*What the exercise asks*: Leave out the pictures and print the rest of the entries exactly as they stand.

*Dataset records*:
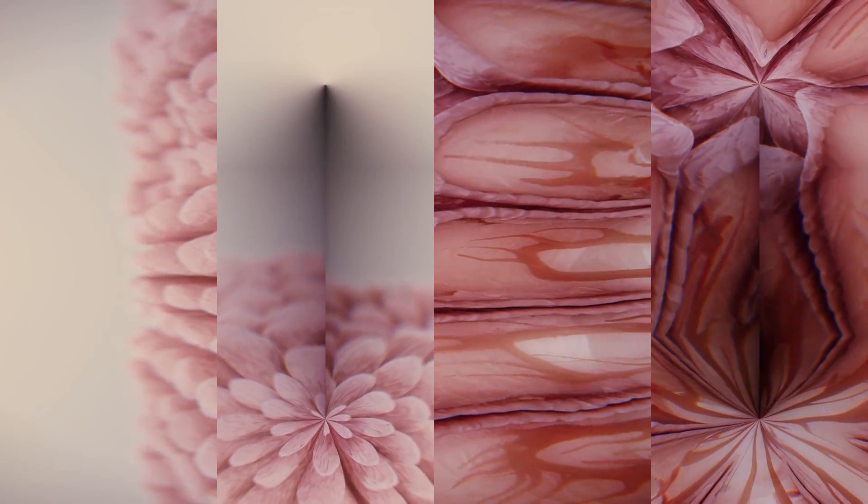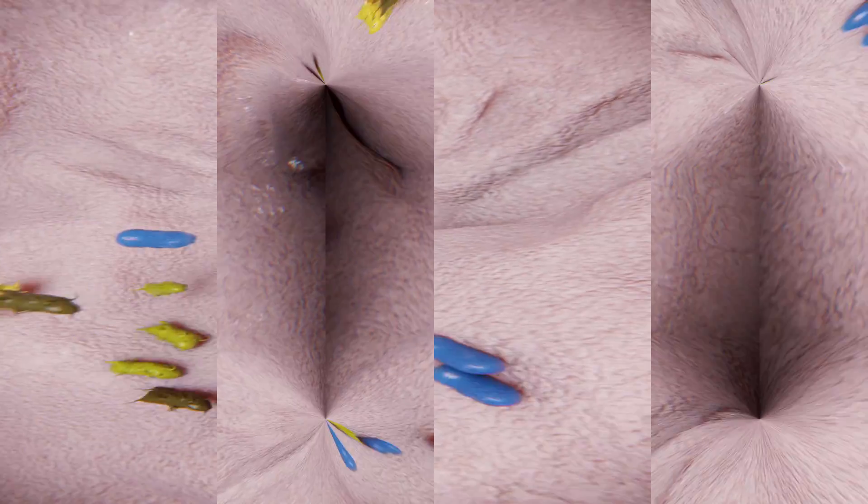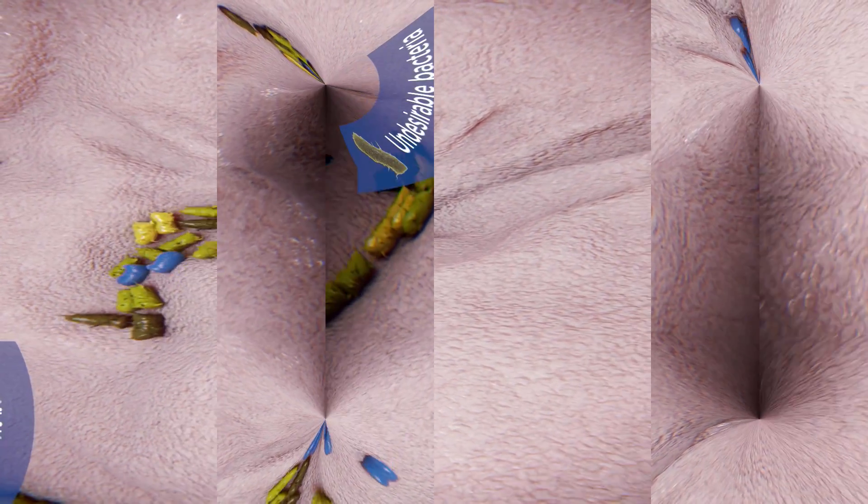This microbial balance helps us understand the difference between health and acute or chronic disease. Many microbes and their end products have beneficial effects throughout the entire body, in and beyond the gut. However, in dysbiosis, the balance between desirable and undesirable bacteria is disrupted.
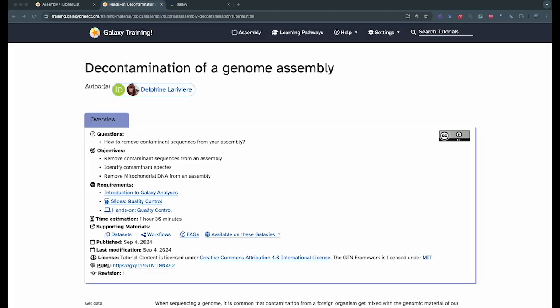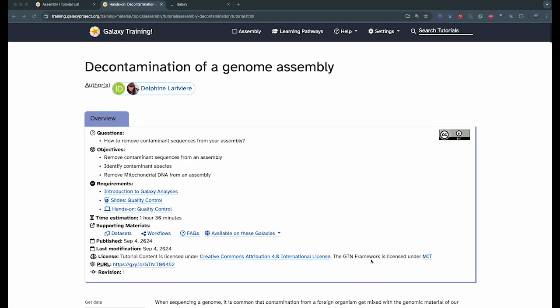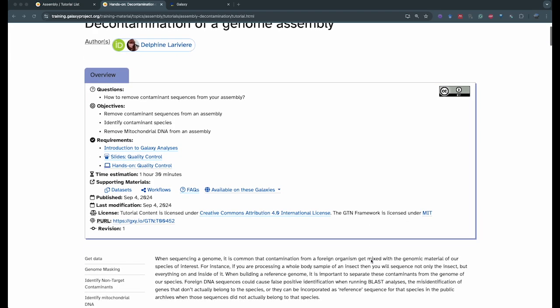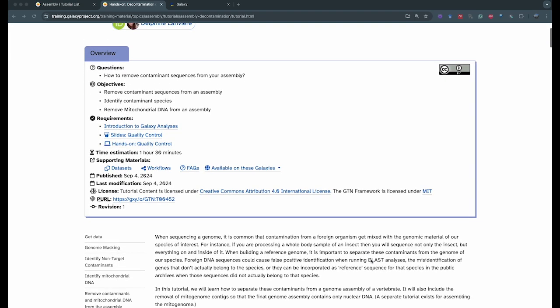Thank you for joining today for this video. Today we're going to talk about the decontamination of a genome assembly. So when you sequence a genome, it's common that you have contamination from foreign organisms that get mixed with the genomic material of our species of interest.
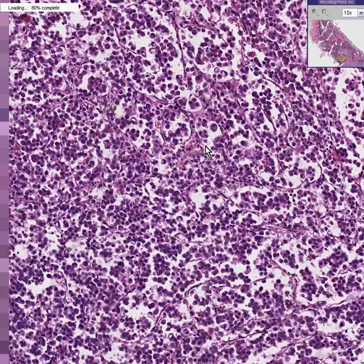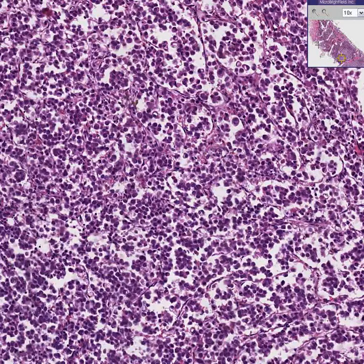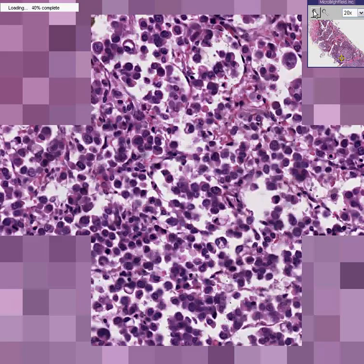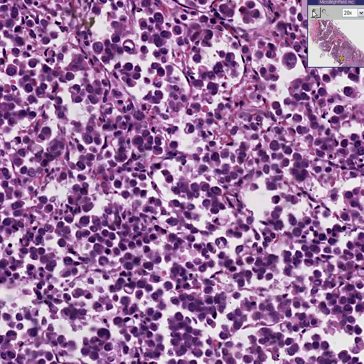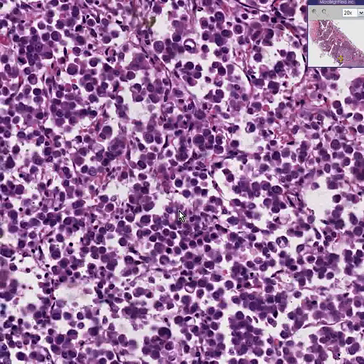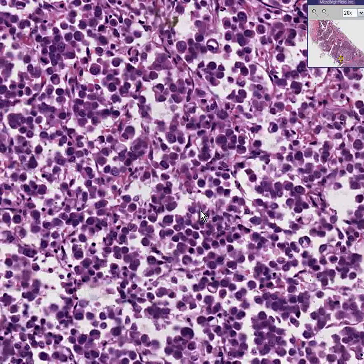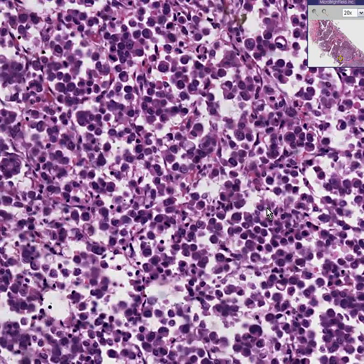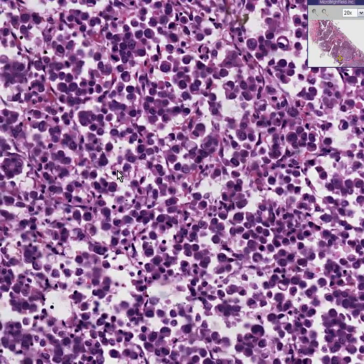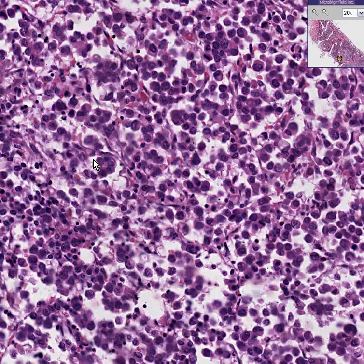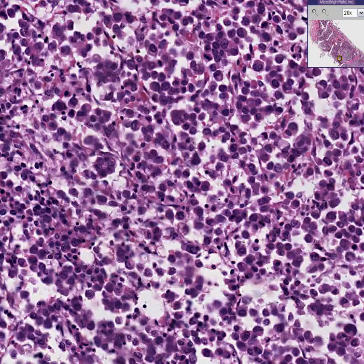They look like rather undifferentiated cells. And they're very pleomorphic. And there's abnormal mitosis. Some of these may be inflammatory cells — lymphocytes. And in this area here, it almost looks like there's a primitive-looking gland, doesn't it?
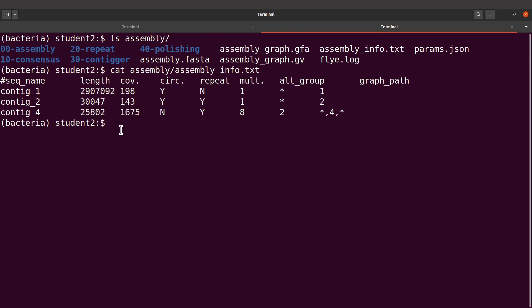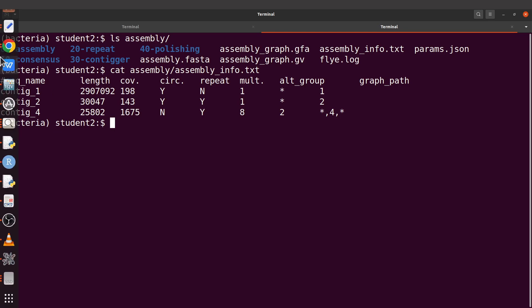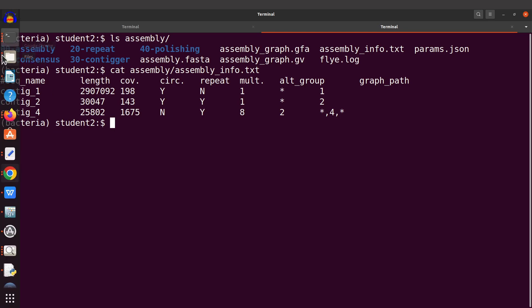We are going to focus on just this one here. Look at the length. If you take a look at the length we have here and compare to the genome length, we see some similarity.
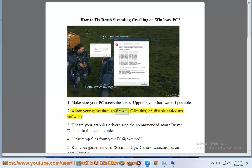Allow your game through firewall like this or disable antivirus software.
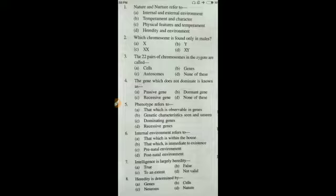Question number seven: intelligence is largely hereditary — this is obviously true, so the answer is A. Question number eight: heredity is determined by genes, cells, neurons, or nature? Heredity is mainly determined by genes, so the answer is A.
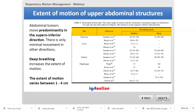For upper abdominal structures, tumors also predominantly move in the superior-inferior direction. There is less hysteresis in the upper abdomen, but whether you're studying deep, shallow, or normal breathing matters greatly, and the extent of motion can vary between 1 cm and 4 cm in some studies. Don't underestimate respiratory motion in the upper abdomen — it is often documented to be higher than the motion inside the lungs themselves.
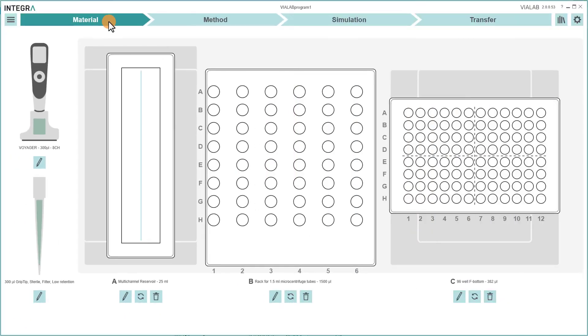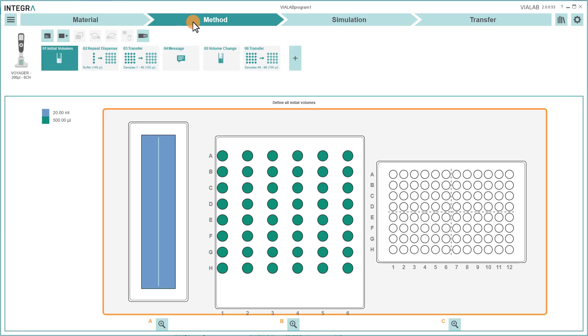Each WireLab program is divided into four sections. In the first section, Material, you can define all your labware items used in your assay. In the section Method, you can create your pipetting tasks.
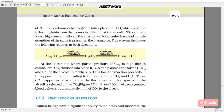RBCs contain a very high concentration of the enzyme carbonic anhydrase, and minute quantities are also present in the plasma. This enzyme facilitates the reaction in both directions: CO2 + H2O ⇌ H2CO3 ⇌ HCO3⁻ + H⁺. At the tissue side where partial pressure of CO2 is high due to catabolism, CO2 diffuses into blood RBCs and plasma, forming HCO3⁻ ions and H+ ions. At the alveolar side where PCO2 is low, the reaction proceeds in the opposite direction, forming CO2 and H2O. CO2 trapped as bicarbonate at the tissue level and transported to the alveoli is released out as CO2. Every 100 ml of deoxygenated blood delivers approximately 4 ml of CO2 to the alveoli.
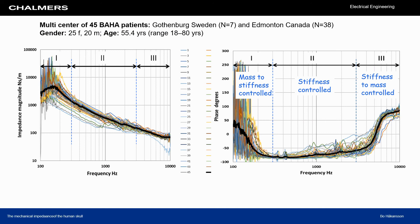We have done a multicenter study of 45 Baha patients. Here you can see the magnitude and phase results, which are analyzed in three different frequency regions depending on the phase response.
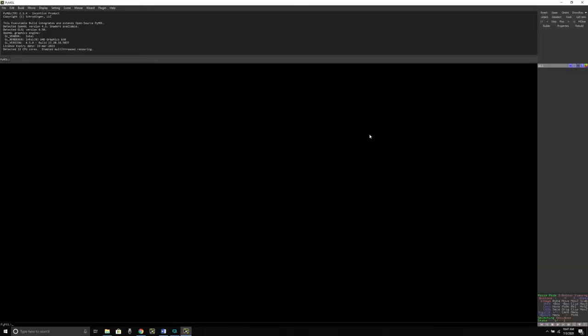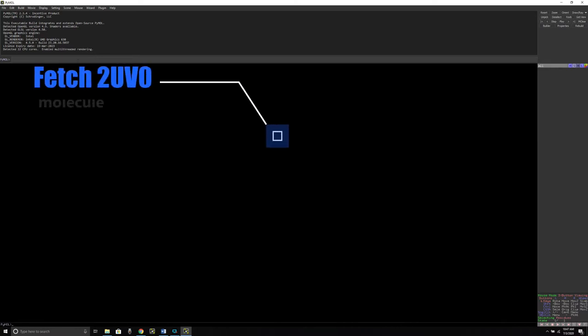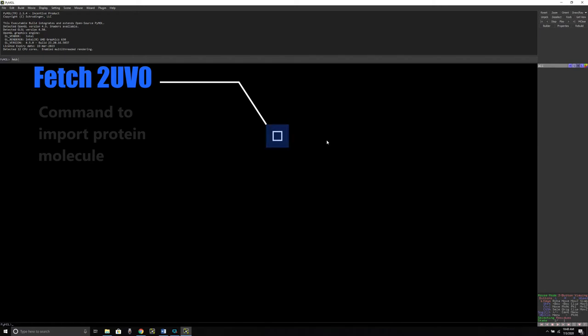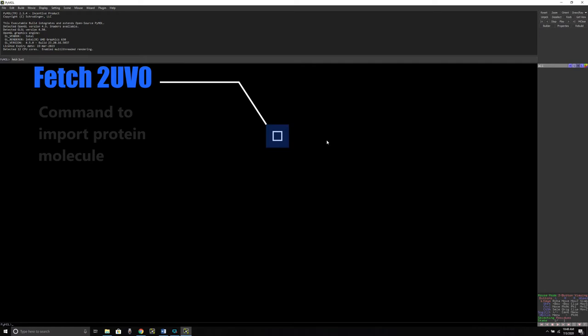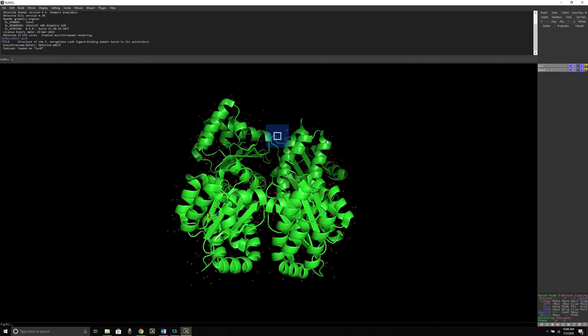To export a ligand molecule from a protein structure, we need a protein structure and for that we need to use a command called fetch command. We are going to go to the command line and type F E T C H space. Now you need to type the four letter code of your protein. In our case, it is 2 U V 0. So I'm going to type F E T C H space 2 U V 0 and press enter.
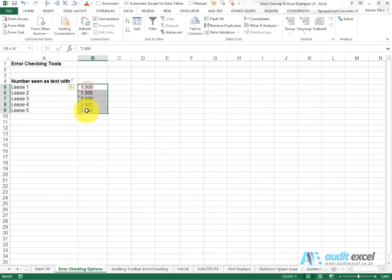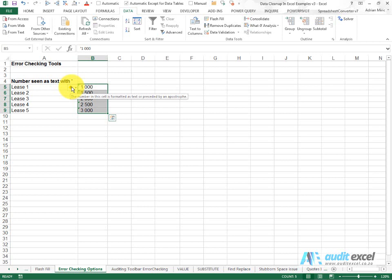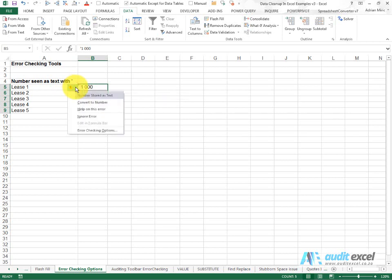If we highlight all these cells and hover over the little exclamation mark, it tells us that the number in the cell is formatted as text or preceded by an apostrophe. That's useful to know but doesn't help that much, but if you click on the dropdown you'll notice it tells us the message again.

*Answer to the problem*:
This microbial balance helps us understand the difference between health and acute or chronic disease. Many microbes and their end products have beneficial effects throughout the entire body, in and beyond the gut. However, in dysbiosis, the balance between desirable and undesirable bacteria is disrupted.
Thank you for joining today for this video. Today we're going to talk about the decontamination of a genome assembly. So when you sequence a genome, it's common that you have contamination from foreign organisms that get mixed with the genomic material of our species of interest.
They look like rather undifferentiated cells. And they're very pleomorphic. And there's abnormal mitosis. Some of these may be inflammatory cells — lymphocytes. And in this area here, it almost looks like there's a primitive-looking gland, doesn't it?
We are going to focus on just this one here. Look at the length. If you take a look at the length we have here and compare to the genome length, we see some similarity.
Allow your game through firewall like this or disable antivirus software.
Question number seven: intelligence is largely hereditary — this is obviously true, so the answer is A. Question number eight: heredity is determined by genes, cells, neurons, or nature? Heredity is mainly determined by genes, so the answer is A.
For upper abdominal structures, tumors also predominantly move in the superior-inferior direction. There is less hysteresis in the upper abdomen, but whether you're studying deep, shallow, or normal breathing matters greatly, and the extent of motion can vary between 1 cm and 4 cm in some studies. Don't underestimate respiratory motion in the upper abdomen — it is often documented to be higher than the motion inside the lungs themselves.
Each WireLab program is divided into four sections. In the first section, Material, you can define all your labware items used in your assay. In the section Method, you can create your pipetting tasks.
RBCs contain a very high concentration of the enzyme carbonic anhydrase, and minute quantities are also present in the plasma. This enzyme facilitates the reaction in both directions: CO2 + H2O ⇌ H2CO3 ⇌ HCO3⁻ + H⁺. At the tissue side where partial pressure of CO2 is high due to catabolism, CO2 diffuses into blood RBCs and plasma, forming HCO3⁻ ions and H+ ions. At the alveolar side where PCO2 is low, the reaction proceeds in the opposite direction, forming CO2 and H2O. CO2 trapped as bicarbonate at the tissue level and transported to the alveoli is released out as CO2. Every 100 ml of deoxygenated blood delivers approximately 4 ml of CO2 to the alveoli.
We have done a multicenter study of 45 Baha patients. Here you can see the magnitude and phase results, which are analyzed in three different frequency regions depending on the phase response.
To export a ligand molecule from a protein structure, we need a protein structure and for that we need to use a command called fetch command. We are going to go to the command line and type F E T C H space. Now you need to type the four letter code of your protein. In our case, it is 2 U V 0. So I'm going to type F E T C H space 2 U V 0 and press enter.
If we highlight all these cells and hover over the little exclamation mark, it tells us that the number in the cell is formatted as text or preceded by an apostrophe. That's useful to know but doesn't help that much, but if you click on the dropdown you'll notice it tells us the message again.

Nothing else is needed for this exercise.